Home Business Management Finance & Investment Why outsourcing is not labour broking

By Jamie Louw

THE job market in South Africa can be classified into economies: The Real Economy and the Parasite Economy. In the Real Economy, employers pay their workers a living wage. These jobs provide the income, benefits, and security necessary to participate robustly in the economy as a consumer and taxpayer. It also drives production and demand and creates tax revenues that support the Government’s developmental agenda in service to its citizens.

On the other side of the spectrum, however, lies the In the Parasite Economy where employers fail to pay their workers a living wage and where companies (both large and small) cling to a business model where they pay less than the minimum.  Non-standard hiring practices, such as casualisation and labour broking, fall under this classification and these practices are prevalent in both the private and public sectors.

Somewhere along the way, and because of noises made largely by unions and labour interest groups, outsourcing has been lumped together with labour broking. Consequently, these two terms are today being used interchangeably.  This is an unfortunate, inaccurate and unfavourable characterisation of outsourcing.  Labour broking couldn’t be any further from outsourcing.

  • Labour broking is more inclined towards temporary or casual employment arrangement and is, by its very nature, transactional. It is a means to an end and leaves no lasting benefit after such an arrangement is done. No cognisance is given to the longevity of employment or the quality of work from an ongoing employment perspective.  It has in some instances been exploitative and has a chequered record in respect of its core intention, which is rooted in a “cheap” labour deployment approach.
  • Outsourcing by contrast creates fixed-term and permanent employment. Employees are entitled to the full benefits of employment and are afforded protection under the Labour Relations Act. Outsourcing is a legal form of contracting in the public sector, and in fact, serves as an essential cog underpinning the government’s ability to render services to all stakeholders in South African society.

Outsourcing is not a new trend.  It emerged for the first time in the 1950s but was only truly recognised as an attractive business strategy in the 1980s thanks to the fact that it allows companies to focus on their core competencies, while outsourcing the non-core activities which may detract or hinder organisation success.

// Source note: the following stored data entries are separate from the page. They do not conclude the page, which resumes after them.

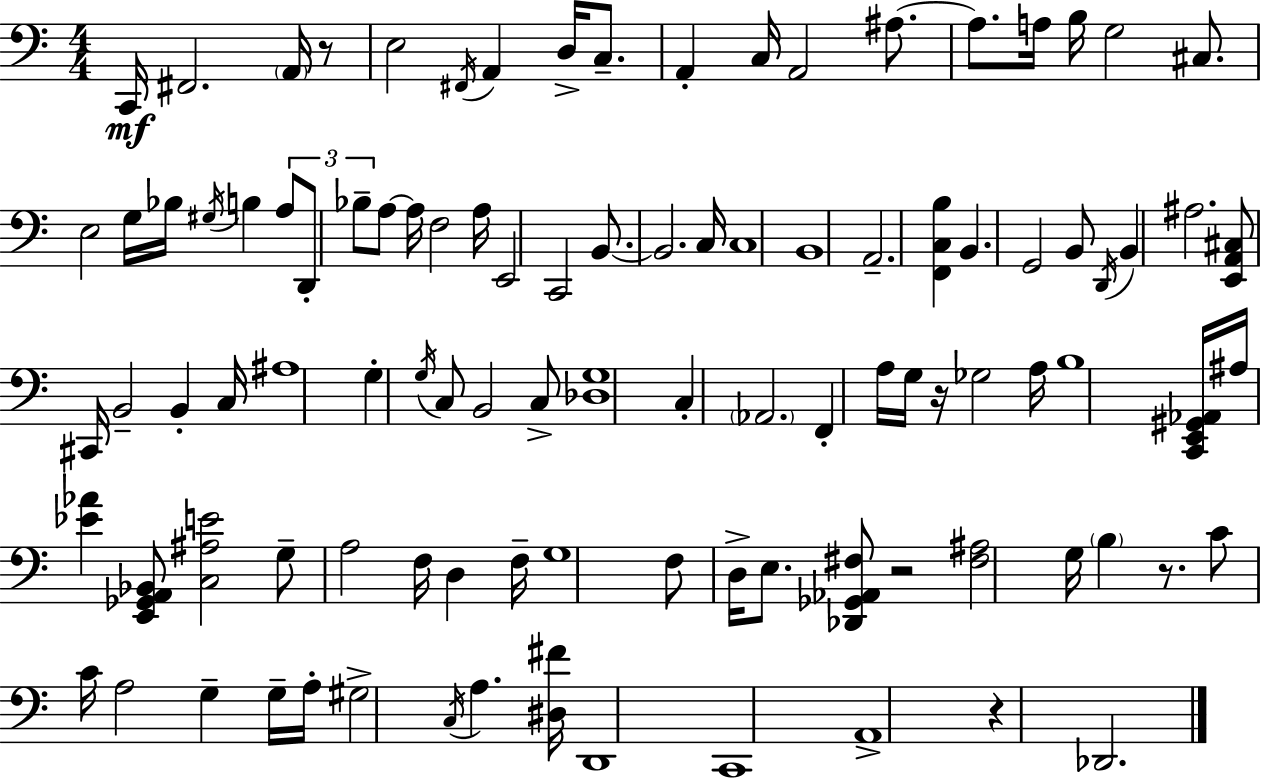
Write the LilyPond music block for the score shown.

{
  \clef bass
  \numericTimeSignature
  \time 4/4
  \key c \major
  \repeat volta 2 { c,16\mf fis,2. \parenthesize a,16 r8 | e2 \acciaccatura { fis,16 } a,4 d16-> c8.-- | a,4-. c16 a,2 ais8.~~ | ais8. a16 b16 g2 cis8. | \break e2 g16 bes16 \acciaccatura { gis16 } b4 | \tuplet 3/2 { a8 d,8-. bes8-- } a8~~ a16 f2 | a16 e,2 c,2 | b,8.~~ b,2. | \break c16 c1 | b,1 | a,2.-- <f, c b>4 | b,4. g,2 | \break b,8 \acciaccatura { d,16 } b,4 ais2. | <e, a, cis>8 cis,16 b,2-- b,4-. | c16 ais1 | g4-. \acciaccatura { g16 } c8 b,2 | \break c8-> <des g>1 | c4-. \parenthesize aes,2. | f,4-. a16 g16 r16 ges2 | a16 b1 | \break <c, e, gis, aes,>16 ais16 <ees' aes'>4 <e, ges, a, bes,>8 <c ais e'>2 | g8-- a2 f16 d4 | f16-- g1 | f8 d16-> e8. <des, ges, aes, fis>8 r2 | \break <fis ais>2 g16 \parenthesize b4 | r8. c'8 c'16 a2 g4-- | g16-- a16-. gis2-> \acciaccatura { c16 } a4. | <dis fis'>16 d,1 | \break c,1 | a,1-> | r4 des,2. | } \bar "|."
}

It is important to recognise that outsourcing on its own is not a silver bullet. It requires commitment and discipline in the outsourcing process to reap the benefits, as it impacts people, processes, methods and equipment.

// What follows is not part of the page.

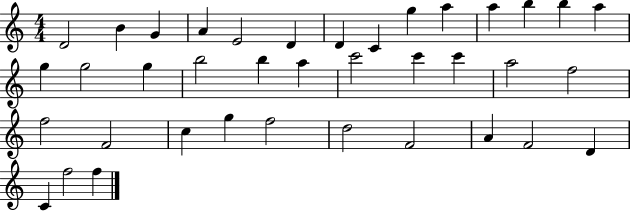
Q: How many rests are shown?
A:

Outsourcing facilities management means that the maintenance of government’s buildings and assets are transferred to a third-party organisation. This has been established practice for several years and has been effectively deployed in many public sector settings. For South Africa, outsourcing this non-core function holds significant benefits for the public sector given our own unique set of socio-economic and political challenges:

  • Risk Management and failure reduction

Through effectively managing risk, the appointed FM service provider ensures that key assets are appropriately maintained, measured and managed.  This information helps government more appropriately manage its facilities, reduces the risk of failure and allows for better planning in respect of operating costs and replacement programmes. Fruitless and wasteful expenditure is reduced in the process.  Accountability systems are also created, with roles and responsibilities clearly defined.

  • Value creation and compliance

By outsourcing maintenance services to specialists in the private sector, Government quickly gains access to competent and skilled service providers in areas where they are currently lacking expertise. Moreover, Government is ensured of compliance with laws and regulations through appropriate records and standards which are maintained.

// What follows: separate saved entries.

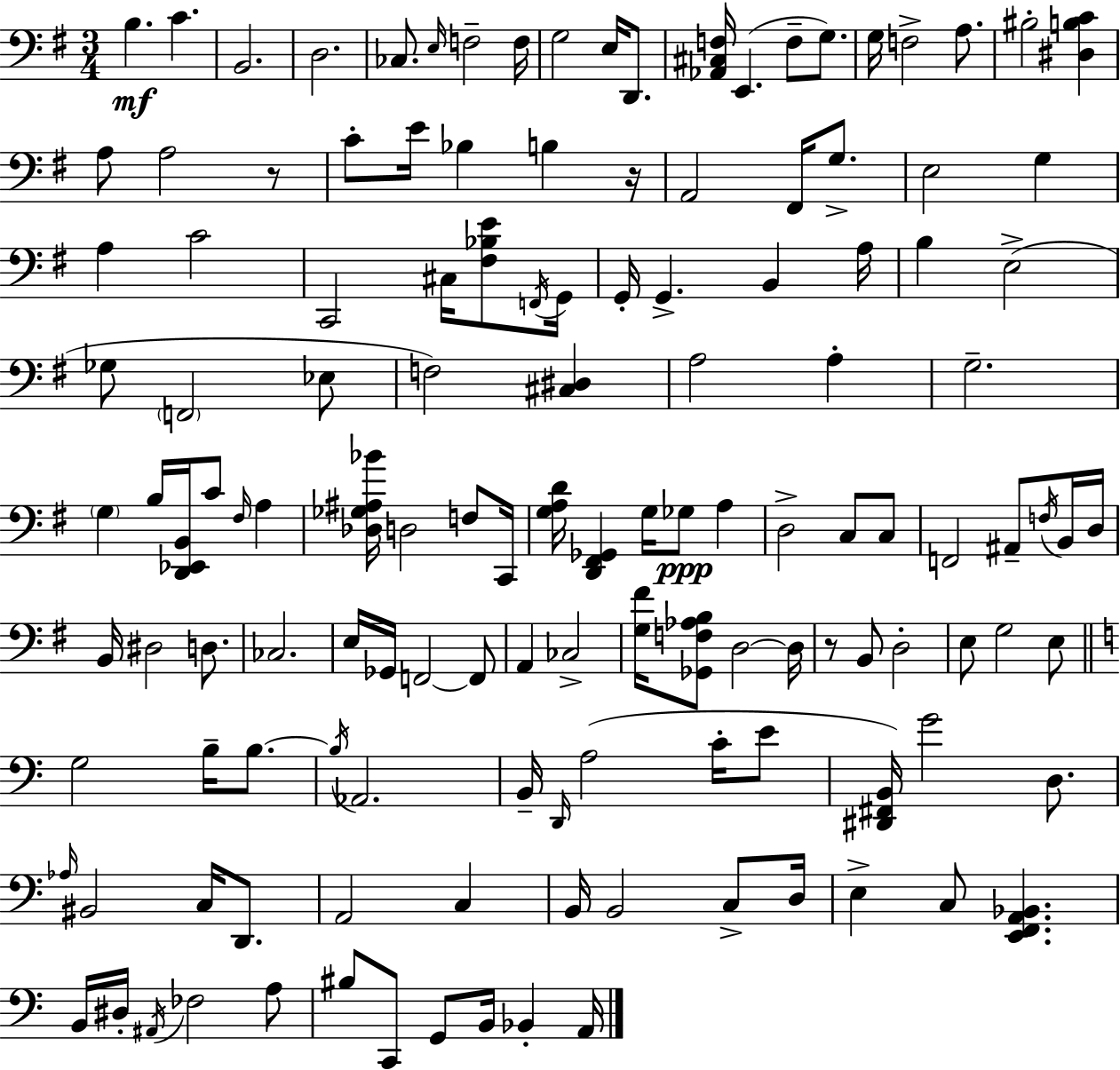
X:1
T:Untitled
M:3/4
L:1/4
K:G
B, C B,,2 D,2 _C,/2 E,/4 F,2 F,/4 G,2 E,/4 D,,/2 [_A,,^C,F,]/4 E,, F,/2 G,/2 G,/4 F,2 A,/2 ^B,2 [^D,B,C] A,/2 A,2 z/2 C/2 E/4 _B, B, z/4 A,,2 ^F,,/4 G,/2 E,2 G, A, C2 C,,2 ^C,/4 [^F,_B,E]/2 F,,/4 G,,/4 G,,/4 G,, B,, A,/4 B, E,2 _G,/2 F,,2 _E,/2 F,2 [^C,^D,] A,2 A, G,2 G, B,/4 [D,,_E,,B,,]/4 C/2 ^F,/4 A, [_D,_G,^A,_B]/4 D,2 F,/2 C,,/4 [G,A,D]/4 [D,,^F,,_G,,] G,/4 _G,/2 A, D,2 C,/2 C,/2 F,,2 ^A,,/2 F,/4 B,,/4 D,/4 B,,/4 ^D,2 D,/2 _C,2 E,/4 _G,,/4 F,,2 F,,/2 A,, _C,2 [G,^F]/4 [_G,,F,_A,B,]/2 D,2 D,/4 z/2 B,,/2 D,2 E,/2 G,2 E,/2 G,2 B,/4 B,/2 B,/4 _A,,2 B,,/4 D,,/4 A,2 C/4 E/2 [^D,,^F,,B,,]/4 G2 D,/2 _A,/4 ^B,,2 C,/4 D,,/2 A,,2 C, B,,/4 B,,2 C,/2 D,/4 E, C,/2 [E,,F,,A,,_B,,] B,,/4 ^D,/4 ^A,,/4 _F,2 A,/2 ^B,/2 C,,/2 G,,/2 B,,/4 _B,, A,,/4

  • People management and skills transfer

Through on-the-job training and training initiatives, the appointed service provider develops proper succession plans that allow for skills transfer and upward mobility of staff.  For the government, dignified, meaningful and permanent work opportunities are created that reduce unemployment and increase access into the economy for citizens.

  • Process integration and improved decision-making

When FM processes are integrated through outsourcing, it empowers Government to make more timely, well-attuned and appropriate decisions in respect of the portfolios and facilities it operates

  • Sustainable, trusting relationships

As objectives are met and efficiencies improve, a more sustainable, trusting relationship is formed between the outsourced service provider and the government department. This allows for a more united approach to FM outsourcing and helps eliminate misguided perceptions.

With all the above in mind, FM outsourcing arrangements must have at its centre a mutually beneficial, reciprocal approach that ensures that the appointed company partners with the State to ensure sustainable value creation that impacts all stakeholders.